We are not told where Christ's "name" is written, but the context suggests either on his head or his diadems. The former would parallel the beast and the harlot, both of which have names on their heads (13:1; 17:3). As their names seem to characterize them, so perhaps does Christ's name characterize him.

What does it mean that no one knows the name except himself? Obviously this ignorance could not include God. A similar mysterious name is given those who conquer in Rev 2:17, but that is not explained either. Perhaps the idea is that the name is now unknown, but it will be revealed at his coming. That idea would fit the unknown time of the Lord's return (Mark 13:32) and probably the mysterious utterance of the seven thunders (Rev 10:4) and the secrets of paradise which Paul could not reveal (2 Cor 12:4). In this case, 1 Cor 2:9 would summarize the basic idea: the eschaton will be beyond present experience or imagination.

Another possibility is that Jesus (being God) is so far above us that we cannot ever fully know him. Paul speaks of Christ being given the "name above every name" (Php 2:9-10). The angelic theophany announcing Samson's birth (Jdg 13:21-22) says his name is "wonderful" or "incomprehensible" (13:18); the same epithet is applied to the Messiah in Isa 9:6. In either case, Revelation reminds us that we don't know it all.
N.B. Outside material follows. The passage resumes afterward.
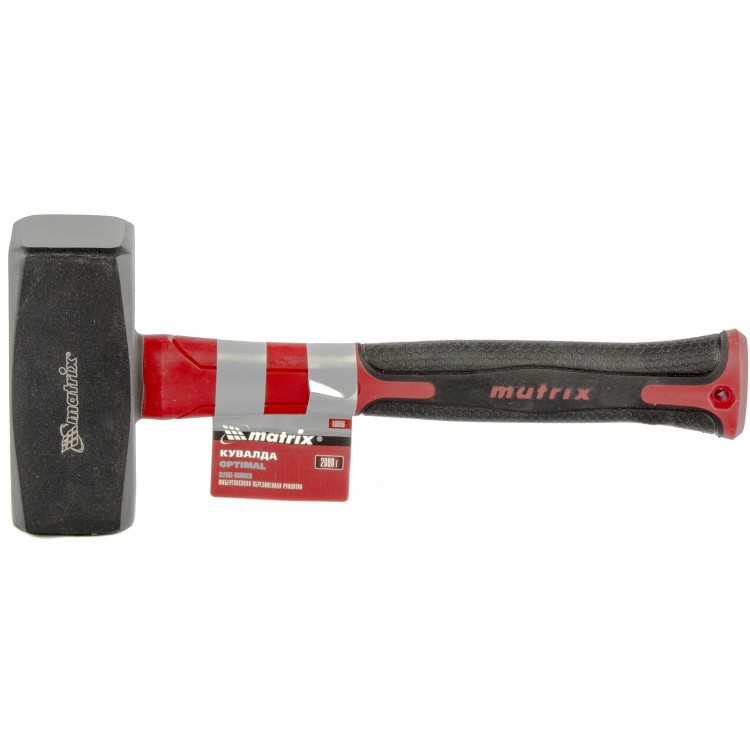Кувалда optimal, 2000 г, фибергласовая обрезиненная рукоятка Matrix (10956)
(13) AND HE WAS DRESSED IN A GARMENT DIPPED IN BLOOD, AND HIS NAME
WAS CALLED "THE WORD OF GOD."

The manuscripts of Revelation differ on whether Christ's garment is "dipped (dyed)" or "sprinkled" with blood. In the latter case an allusion to atonement might be involved (cp Ex 24:8; Lev 16:14-15). In either case the allusion to Isa 63:1-3 (where both ideas occur) is unmistakable. The passage is striking in that God appears to be the speaker (vv 5-6) and Revelation applies it to Jesus. The parallels between the two passages are substantial: both picture the day of God's wrath and redemption; both mention the actor's righteousness; both use a winepress analogy; both picture the actor as doing all the avenging by himself.
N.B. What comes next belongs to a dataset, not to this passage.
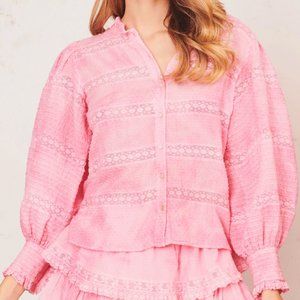 LOVESHACKFANCY Rochelle Top, FUCHSIA HAND DYE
Yet in Isa 63 the speaker's robe is bloody because he has (already) trampled his foes; it is their blood which stains his robe. In our passage, it appears that Christ has not yet trampled them, as that is what he is coming to do. Is the color of the robe symbolic of what it is about to do, or could it be Christ's own blood which colors his robe? If the latter is the case, then perhaps a parallel is also being made with the saints: their robes have been made white in his blood (Rev 7:13), but he has bloodied his garments in cleansing theirs! Some combination of these two ideas would not be out of place in a passage on both deliverance and vengeance.

Only here and in John's Gospel do we have unmistakable references to Jesus as the "Word of God." John 1:14,18 gives what seems nearest to an explanation of this term: Jesus is the one who explains God. I suggest a human analogy here. Just as no one knows what another is thinking unless the other reveal it, so with God. As our word reveals us to others, so God's word reveals God to mankind. Jesus is the epistemological mediator between God and man.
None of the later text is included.